Building a Custom State Object
We are getting to the point where the examples need to get richer and hard-coding the state of the world or using the base State
object is not going to be good enough. We need to step back and think about how to model the file system state in a more robust way. Even if you aren’t building an interface to a file system, many of the concerns and solutions described below could be useful to you. Designing how your state object works is a key design decision when building a Perplexity application.
The Perplexity State object
The default State
object only has a small amount of code for manipulating application state, the rest of its implementation manipulates MRS variables. It is literally just one method: all_individuals()
and we used it in the Action Verbs topic. Here it is again:
class State(object):
def __init__(self, objects):
...
self.objects = objects
...
def all_individuals(self):
for item in self.objects:
yield item
...
The only reason it even has this basic implementation is because the system implementation of in_scope
needs it to determine which objects are “proximate” to the user. So, outside of that, we are free to implement our system state in any way we like as long as it remains immutable. Any methods we implement that make changes must follow the pattern used by set_x()
and add_to_e()
and return a copy with the change instead of modifying the object directly. This is key for making the solver backtracking algorithm work.
So, we’ll need to add a notion of files and folders to State
, and provide some ways to query the system about them. But all of this will only be used by the code we write to implement our custom predications. Perplexity will completely ignore it.
Identity
Because the system is built around immutable state, we will sometimes end up with two State
objects and need to be able to find the same object contained in either one. We need a way to compare objects across state objects. The easiest way is to give all the objects in the system a globally unique id that can be easily compared. We’ll create a base class, UniqueObject
that does this and derive everything from it:
class UniqueObject(object):
def __init__(self):
self.unique_id = uuid.uuid4()
Containment and Location
One of the main concepts in a file system is “containment” - folders contain files, files contain text, etc. We’ll want to model this in a general way so that words like “in” or “contains” can work across objects. We’ll do this by having two methods that objects can implement:
# Implement by yielding all objects that this object contains
def contained_items(self, variable_data):
...
# Implement by yielding all the places that this object "is"
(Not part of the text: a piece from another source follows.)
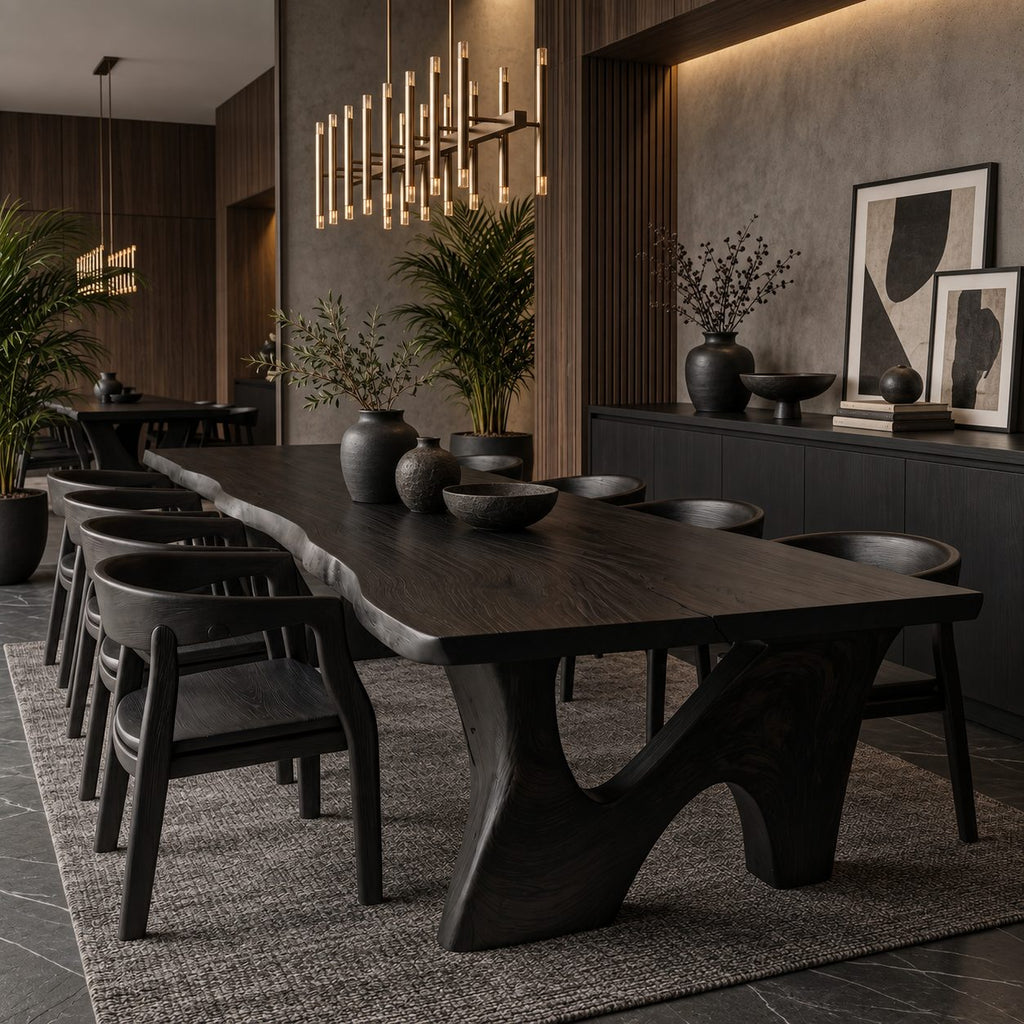 Sweeping Leg Live Edge Dining Table, Solid Wood Slab on Two Organic Curved Cut-Out Bases, 48 to 120 Inch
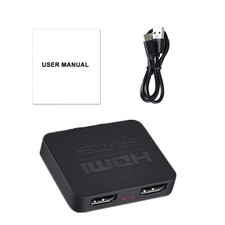 1 in 2 Out HDMI Splitter Video Distributor Amplifier For HDTV Box PC Monitor D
def all_locations(self, variable_data):
...
Files and Folders
Because users may talk about files or folders that don’t exist yet, or that may need to be created, we need the File
and Folder
object to be able to represent files and folders that don’t actually exist. So, these objects will have a small amount of information in them and call to a FileSystem
object for the rest (we’ll implement that object in the next section).
It is very important that these objects implement __hash__
since that allows them to be in sets and dictionaries which are required by Perplexity. __repr__
is just a method that makes debugging nicer. Checking if things are equal is also required by Perplexity, which is why __eq__
is implemented. As described above, contained_items
and all_locations
are implemented in both to support predications that involve containment. The rest of the methods are helpers.
[Note that the File
object also has a simplistic notion of a “linked file” (as in Unix) so that we can show the system answering questions about things that are in more than one place.]
class File(UniqueObject):
def __init__(self, name, size=None, file_system=None, link=None):
super().__init__()
self.name = name
self.size = size
self.file_system = file_system
self.link = link
# If we assume link objects always have the same name, then if we only hash the name
# link objects will have the same hash, but so will anything else with that name (which is OK)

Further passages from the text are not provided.